Problem to solve.
Restate each line of the listing exactly, without carrying over any pictures.

=== Task input ===

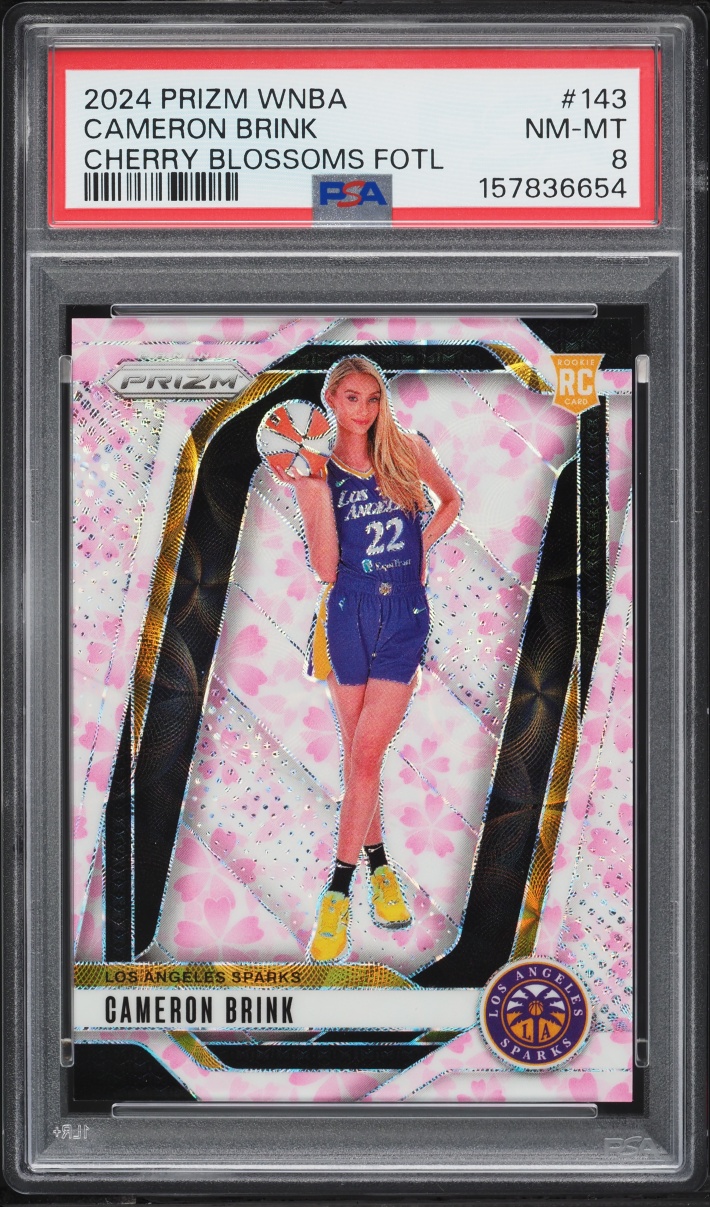 2024 Panini Prizm WNBA Cherry Blossoms FOTL Cameron Brink ROOKIE 20/20 #143 PSA 8 NM-MT
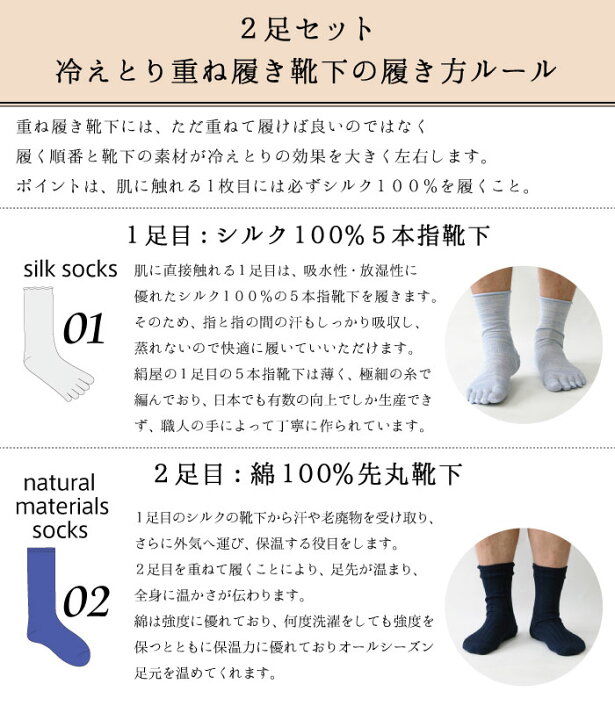 楽天市場 冷え取り 靴下 2足セット シルク 綿 メンズ 男性用 くつした ソックス 温活 冷え取り 絹屋 日本製 ギフト プレゼント 父の日 絹屋 きぬや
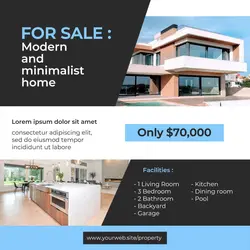 Minimalist house property industry instagram post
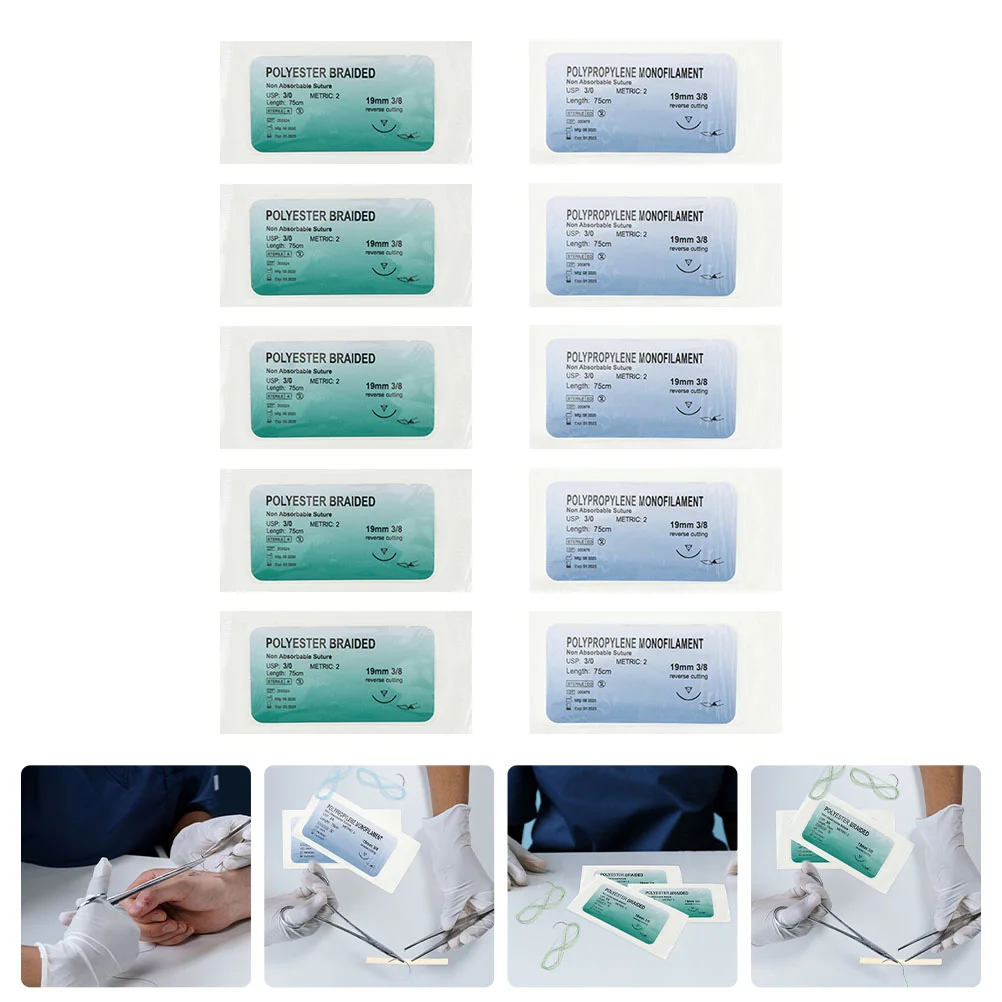 

10 Pcs Sewing Kit Suture Thread Product Practice Equipment Medical Tool Polypropylene Suturing Surgery Supplies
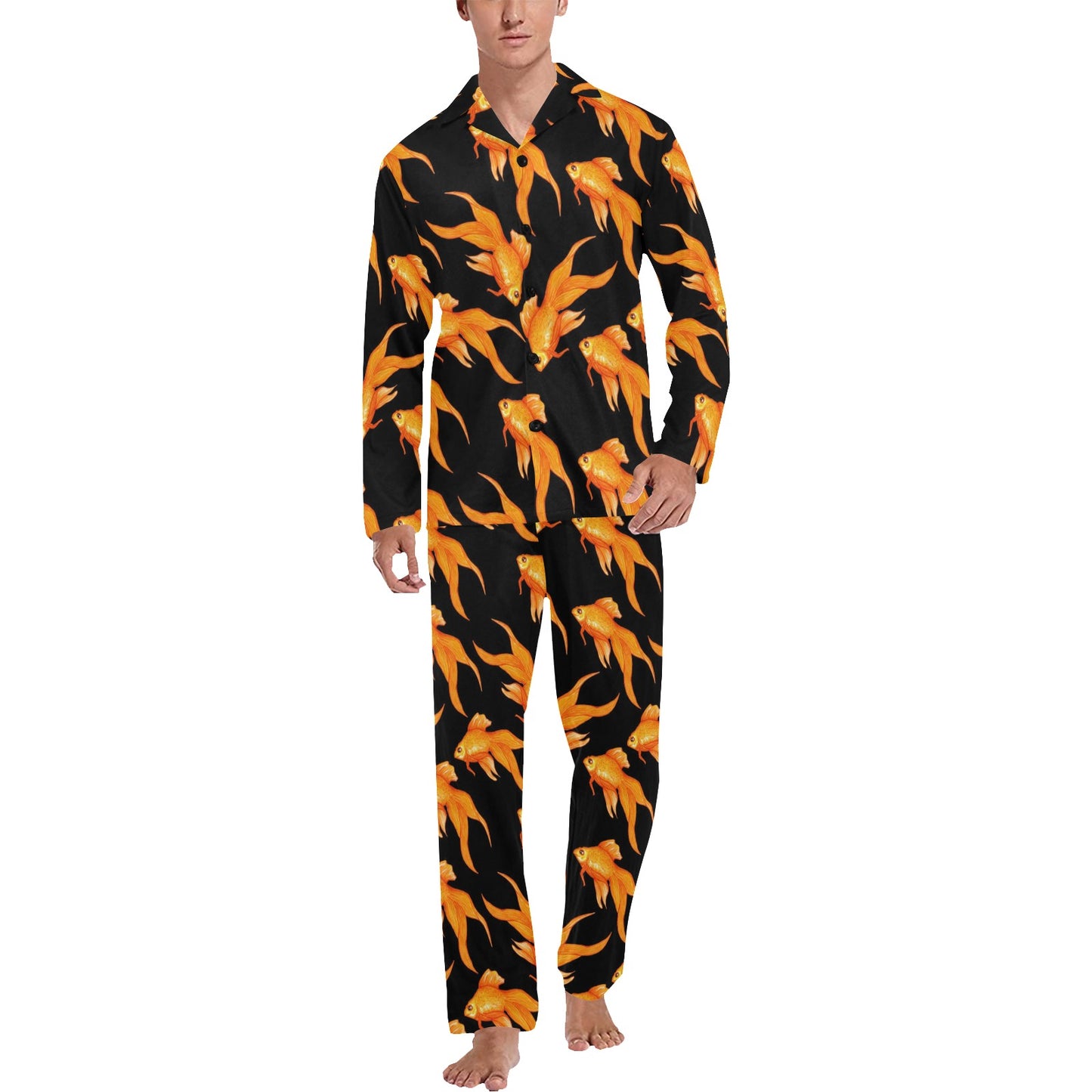 Goldfish Pattern Print Design 03 Men's Long Pajama Set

===

Solved exercise.
 2024 Panini Prizm WNBA Cherry Blossoms FOTL Cameron Brink ROOKIE 20/20 #143 PSA 8 NM-MT
 楽天市場 冷え取り 靴下 2足セット シルク 綿 メンズ 男性用 くつした ソックス 温活 冷え取り 絹屋 日本製 ギフト プレゼント 父の日 絹屋 きぬや
 Minimalist house property industry instagram post

10 Pcs Sewing Kit Suture Thread Product Practice Equipment Medical Tool Polypropylene Suturing Surgery Supplies
 Goldfish Pattern Print Design 03 Men's Long Pajama Set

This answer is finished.